Bilim insanlarının kendilerini özel sektöre teslim
ettiği günden itibaren sağlığımız borsa haberlerine endeksli
yaşıyoruz.
Bilim dünyası, özel sektör ve medya şeytan üçgeni "dön
baba dönelim" oynayıp duruyor.
Geçen yıllarda. Bu şeytan üçgeni, yumurtaya
takmıştı kafayı. Bir gün bakıyorsun yumurta kolesterole
yararlı. Ertesi gün zararlıydı.
Şimdi kafayı yağa taktılar. "Yararlı" diyenler
var. "Zararlı" diyenler var. Bu iki grup da kendi
içlerinde "doymuş yağcılar" ve "doymamış
yağcılar" olarak ayrılıyorlar.
Ben mi ne yapıyorum? Şeytan üçgeni oluşmadan önce nasıl
besleniyorsam öyle besleniyorum.
ABD'de yeni bir akım var: Anneannen ne yemiş, nasıl
yemişse sen de öyle ye! Kafayı yorma.
O akımdanım. Anneannemi taklit ediyorum. Obez falan da
değildi. Bildiğin dalyan gibi kadındı.
Mesela sabahları. Kızarmış ekmeğe bolca tereyağı sürüyorum.
Üzerine bal gezdirip atıyorum ağzıma. Öyle bir dilim falan da
değil, canım ne kadar istiyorsa...
Çıkarın medyayı aradan.
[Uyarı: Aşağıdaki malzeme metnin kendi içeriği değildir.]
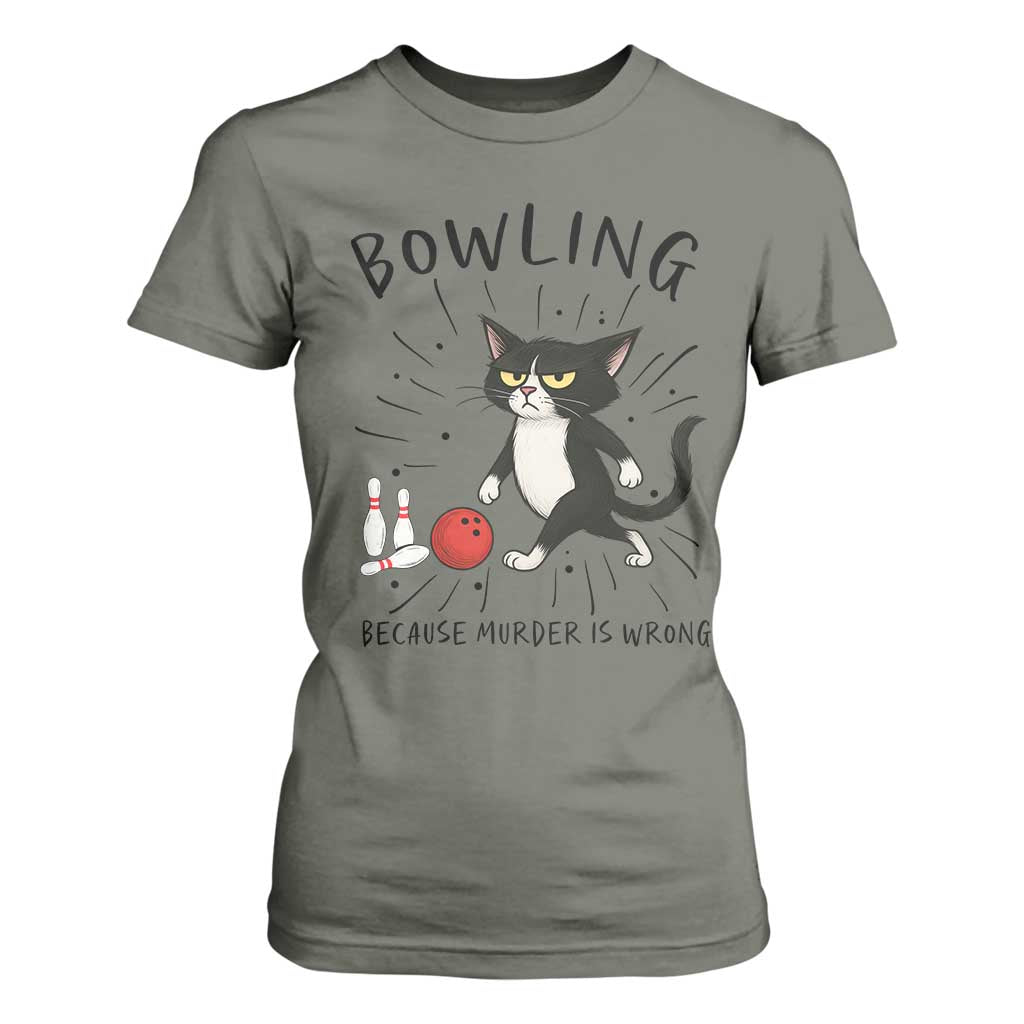 Bowling Because Murder Is Wrong T Shirt For Women Funny Cat Lovers Gift TS12 Military Green Print Your Wear
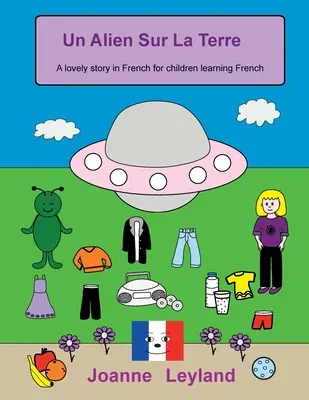 Un Alien Sur La Terre: Krásný příběh ve francouzštině pro děti, které se učí francouzsky - Un Alien Sur La Terre: A lovely story in French for children learning French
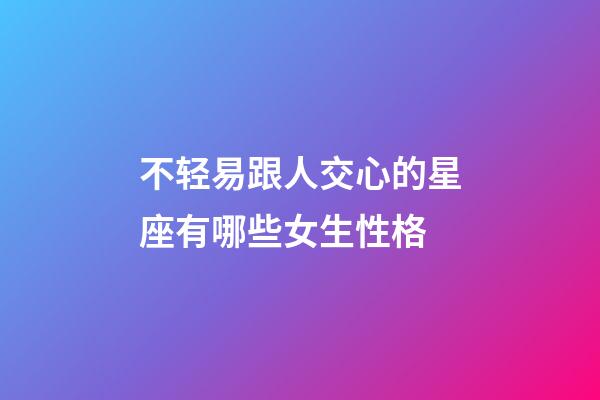 不轻易跟人交心的星座有哪些女生性格-第1张-星座运势-玄机派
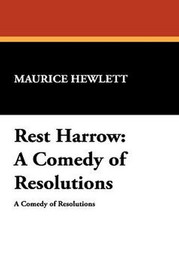 Rest Harrow: A Comedy of Resolutions, by Maurice Hewlett (Hardcover)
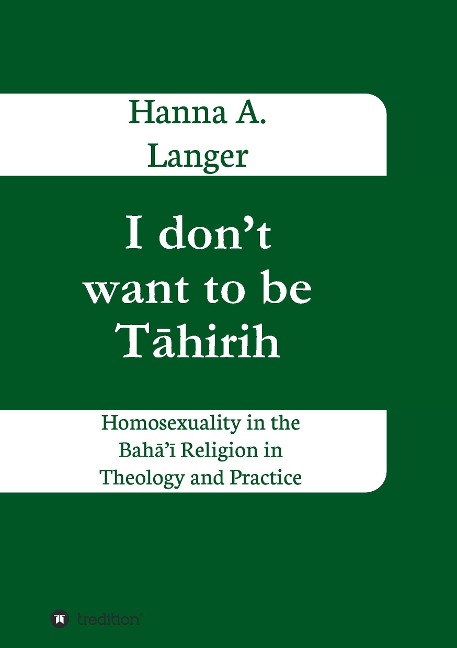 I dont want to be T¿hirih: Homosexuality in the Bah¿¿ Religion in Theology and Practice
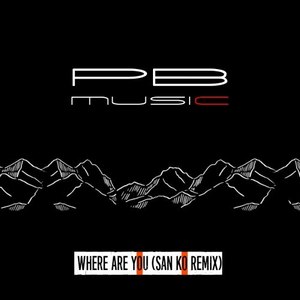 Where Are You (san ko remix)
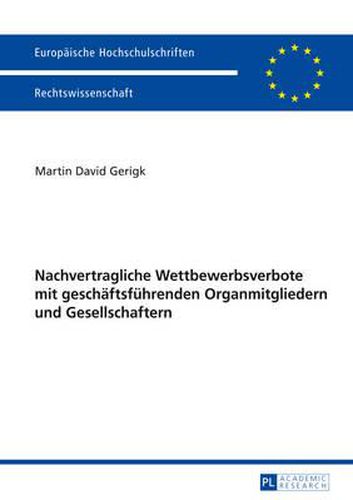 Nachvertragliche Wettbewerbsverbote Mit Geschaeftsfuehrenden Organmitgliedern Und Gesellschaftern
Gidip anneanne elini öpmenizin
vaktidir.
FİDAN KONUSUNDA GÖZDEN KAÇAN BİR ŞEY
VAR
Hakan Fidan konusu medyada iki şekilde
tartışılıyor;
Bir, Erdoğan istemediği halde istifa ettiği
için cumhurbaşkanının tutumu.
İki, Erdoğan'la Davutoğlu arasında sorun olup
olmadığı.
İkincisinin çok geçerli olduğunu sanmam. Aralarında
sorun varsa bile bu kadar kısa sürede, seçime şunca zaman kalmışken
bu kadar görünür kılmazlar.
Birincisi de pek mümkün görünmüyor. Cumhurbaşkanına hem
yakın olup hem de ona rağmen istifa edecek bir bürokrat henüz bu
ülkede doğmadı.
İletişimci olarak gerekçelerden çok, sonuçlara bakıyorum.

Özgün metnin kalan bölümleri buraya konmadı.